Y aconteció que tan pronto como los trompeteros y los cantores estuvieron como uno solo en hacer que se oyera un solo sonido, y tan pronto como elevaron el sonido, la casa se llenó de una nube, y los sacerdotes no pudieron permanecer de pie para ministrar a causa de la nube; pues la gloria de Jehová llenó la casa del Dios verdadero (1).

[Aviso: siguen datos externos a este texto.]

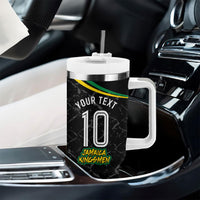 Personalized Jamaica Kingsmen Tumbler With Handle Caribbean Cricket Royal Warrior King Mascot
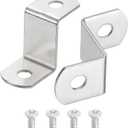 uxcell 30 Pcs 3/4" Offset Canvas Clips, Picture Framing Mirror Clips Z Shape Canvas Painting Mounting Clips with 2 Mounting Hole with Screws, Silver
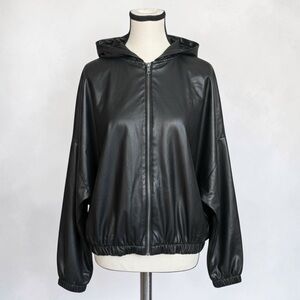 B.B Dakota Steve Madden Faux Leather Hoodie - Black - Size M - NWT
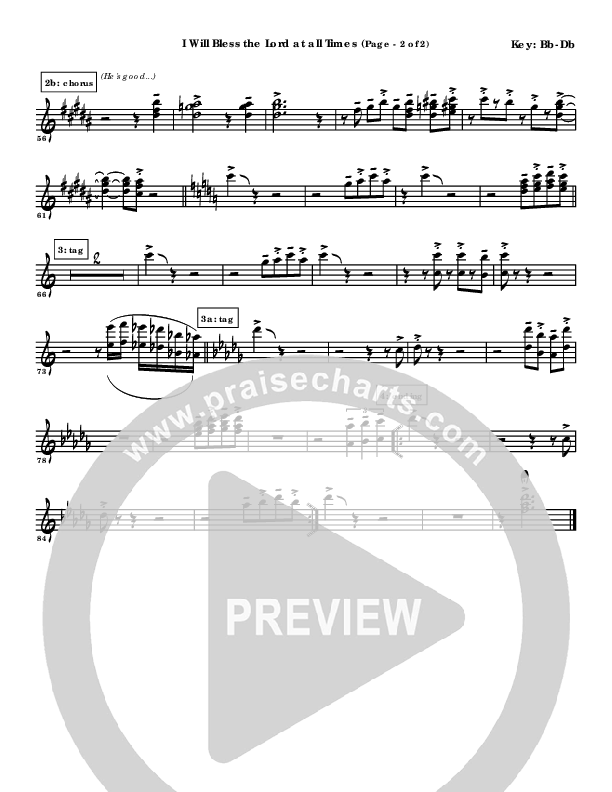 I Will Bless The Lord At All Times Flute/Oboe 1/2/3 (Joe Pace)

Sólo que en lugar de la gloria de Dios en forma de nube que desciende, la sala se llena del  humo, posiblemente cargado de olor a azufre y otros aromas infernales, que asciende desde el ataúd vacío en el que, gracias a la sangre salpicada de la víctima, habrá de materializarse Drácula para volver de entre los muertos mientras la atmósfera se carga de tensión debido al ceremonioso procedimiento que precede a la ejecución del sacrificio (todo a lo largo de esa increíble secuencia del golpe, la roldana y el tajo). Fisher compagina la película como san Pablo concatena sus argumentos y atiende al detalle escenográfico como el apóstol a la más mínima evidencia que contribuyera a fortalecer su alegato doctrinal. En uno y otro caso, el resultado es de una potencia y una belleza irrefutables.

(1) Esdras, “Segundo libro de las Crónicas”, en Traducción del Nuevo Mundo de las Santas Escrituras, Nueva York, Wachtower Bible and Tract Society, 1987, pág. 455.